| RECORDS FOR THE EXERCISE |
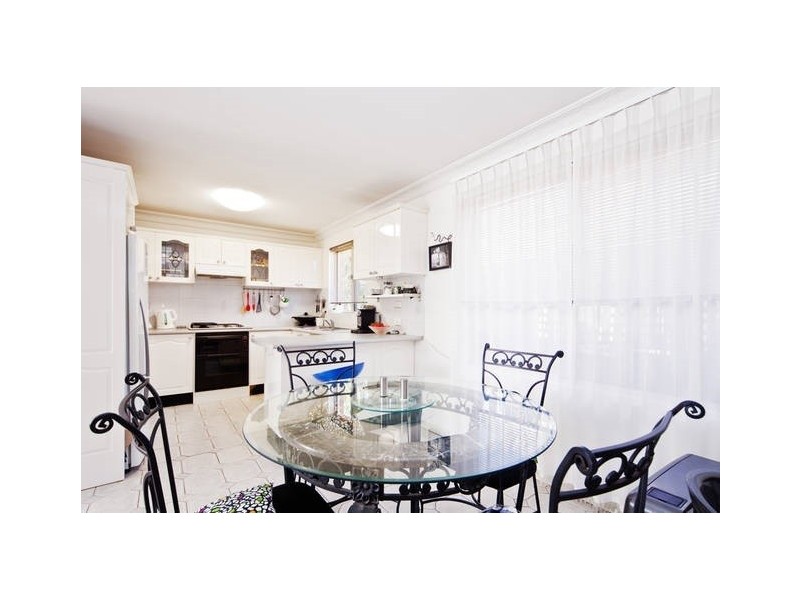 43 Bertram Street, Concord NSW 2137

* * *

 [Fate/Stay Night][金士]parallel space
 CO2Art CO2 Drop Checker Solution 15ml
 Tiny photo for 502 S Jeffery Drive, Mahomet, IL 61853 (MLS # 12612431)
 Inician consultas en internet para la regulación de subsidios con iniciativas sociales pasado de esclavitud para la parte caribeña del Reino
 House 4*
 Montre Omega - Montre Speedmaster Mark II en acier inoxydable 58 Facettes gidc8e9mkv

* * *

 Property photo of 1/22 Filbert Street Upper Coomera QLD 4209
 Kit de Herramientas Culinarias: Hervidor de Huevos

| TASK STATEMENT |
Repeat the entries above verbatim, but only from the line that has "[Fate/Stay Night][金士]parallel space" down to the line that has "Montre Omega - Montre", inclusive.

| WORKED SOLUTION |
 [Fate/Stay Night][金士]parallel space
 CO2Art CO2 Drop Checker Solution 15ml
 Tiny photo for 502 S Jeffery Drive, Mahomet, IL 61853 (MLS # 12612431)
 Inician consultas en internet para la regulación de subsidios con iniciativas sociales pasado de esclavitud para la parte caribeña del Reino
 House 4*
 Montre Omega - Montre Speedmaster Mark II en acier inoxydable 58 Facettes gidc8e9mkv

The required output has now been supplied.